« Miroir tranchant comme une lame » une sentence qui pourrait s’entendre comme un aphorisme et résumer en quelques mots un travail qui a pour sujet et pour objet le miroir.
Le miroir comme médium, utilisé comme support et surface, signifiant de par sa fonction réfléchissante, mais signifiant aussi par le choix de la représentation qui en est fait, et qui est celui inspiré de l’univers d’objets bien particuliers, celui des outils qui ont pour fonctions de tailler, trancher, découper, séparer des matières. Bien qu’à la fin, ce miroir que je travaille, re-devient ce médium qui ne cesse d’ouvrir plusieurs « perspectives », au sens propre comme au sens figuré...
L’omniprésence du miroir dans notre quotidien, dont la réalité physique, et désormais virtuelle via la pratique banalisée du selfie, fait écho à la saturation d’images de notre époque, rend paradoxalement toujours plus difficile la perception du visible. La surconsommation ou l’omniprésence des images étant là pour nous tendre autant de miroirs où se projeter.
La représentation du miroir que je propose, renvoie sans doute à l’intime, à la figure incarnée, jusque dans l’illusion d’entrevoir sa propre chair. La chair, substance du corps humain ou animal, à l’image du tissu végétal qui compose le bois.
Une étrangeté qui peut se retourner comme une menace, dès lors que la première fonction du miroir est de donner à voir le corps, de légitimer son existence : « Nous sommes de la viande », disait Francis Bacon, « nous sommes des carcasses en puissance. Si je vais chez le boucher, je trouve toujours surprenant de ne pas être là, à la place de l’animal... ».

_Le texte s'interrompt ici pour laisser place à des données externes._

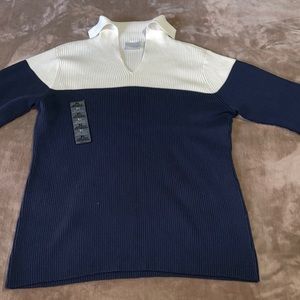 $White/blue long sleeve shirt/sweater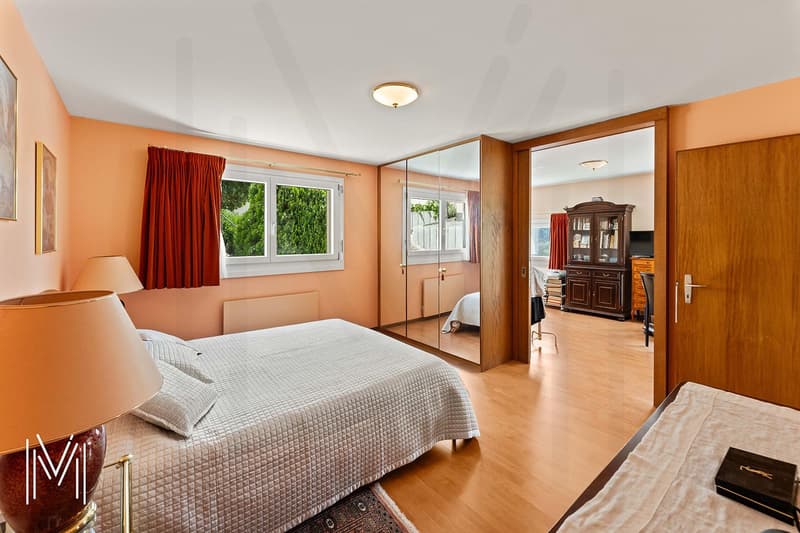 Superbe maison 6,5 pièces avec un dégagement et vue d'exception (12)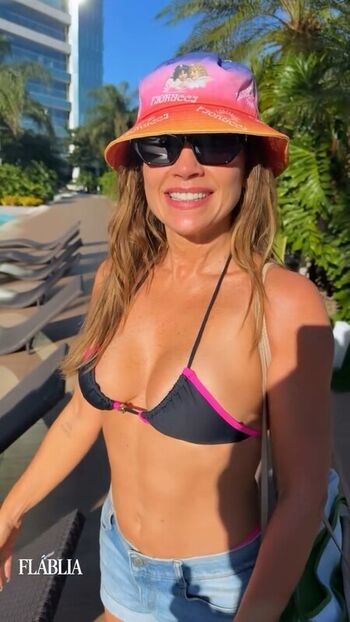 Flávia Alessandra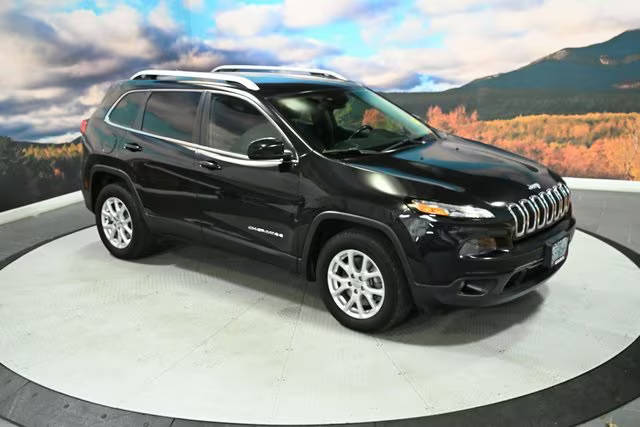 2015 Jeep Cherokee Latitude 4WD photo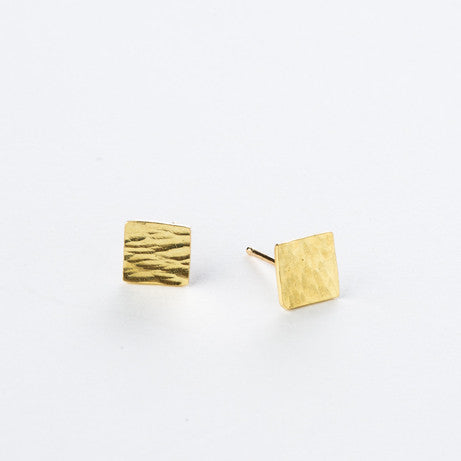 18K Hammered Square Studs - KESTREL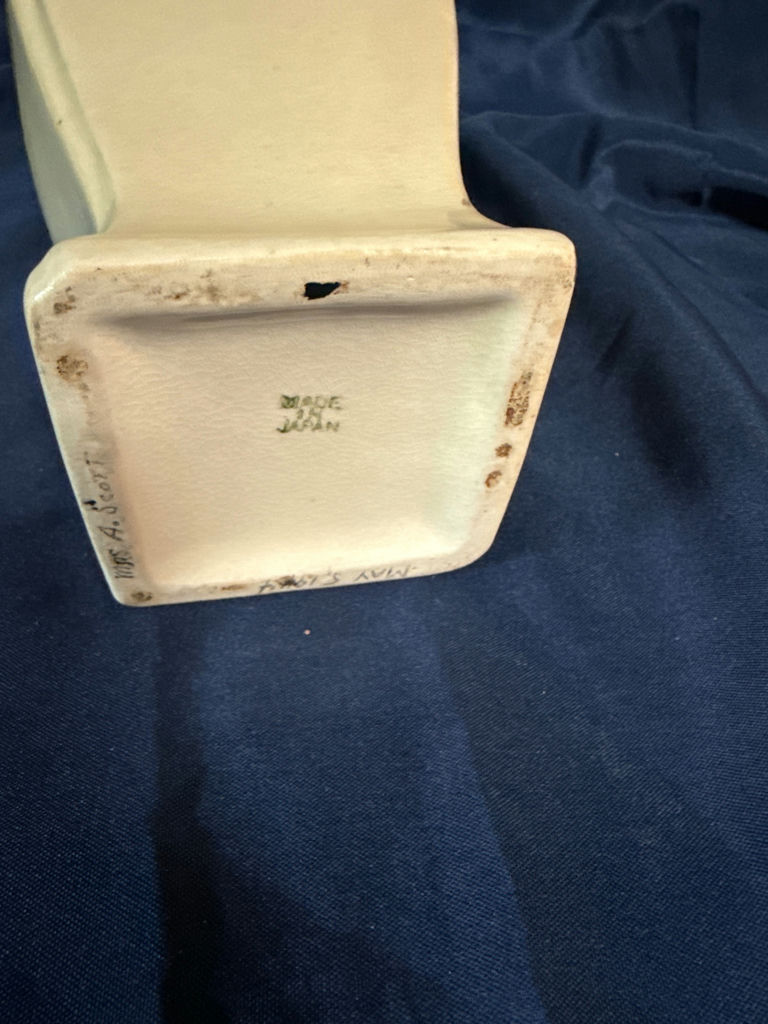 Japanese Nippon Decorative ceramic vase with floral motif - image 2 of 2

Le miroir est métaphoriquement une « peinture », ceinturé par un cadre qui légitime la surface réfléchissante comme espace de représentation. Ainsi, de l’étal du boucher ou de l’établi du menuisier, je déplace, compose, ou recompose des représentations, sous formes de « tableaux » qui assument de provenir d’espaces « chaotiques » pour venir occuper, ceux, plus ordonnés de nos intérieurs, quitte à déranger.
L’outil est fait d’acier alors que le miroir est composé de verre. La force et la solidité du premier en opposition avec la fragilité du second, peuvent, dans les substitutions de matières qui sont faites, être une image du sujet devant son miroir, entre apparence et réalité, la fragilité l’emportant toujours, quelque soit l’image que l’on se fait de soi.
Le sujet, face à ces « tableaux-miroirs », est ainsi fragmenté et découpé par l’entremise des pièces tranchantes, mises en scène de manière à ne jamais pouvoir présenter le corps en totalité, seulement par morceaux, comme autant de facettes qui composent une personnalité, dans sa complexité et ses ambivalences.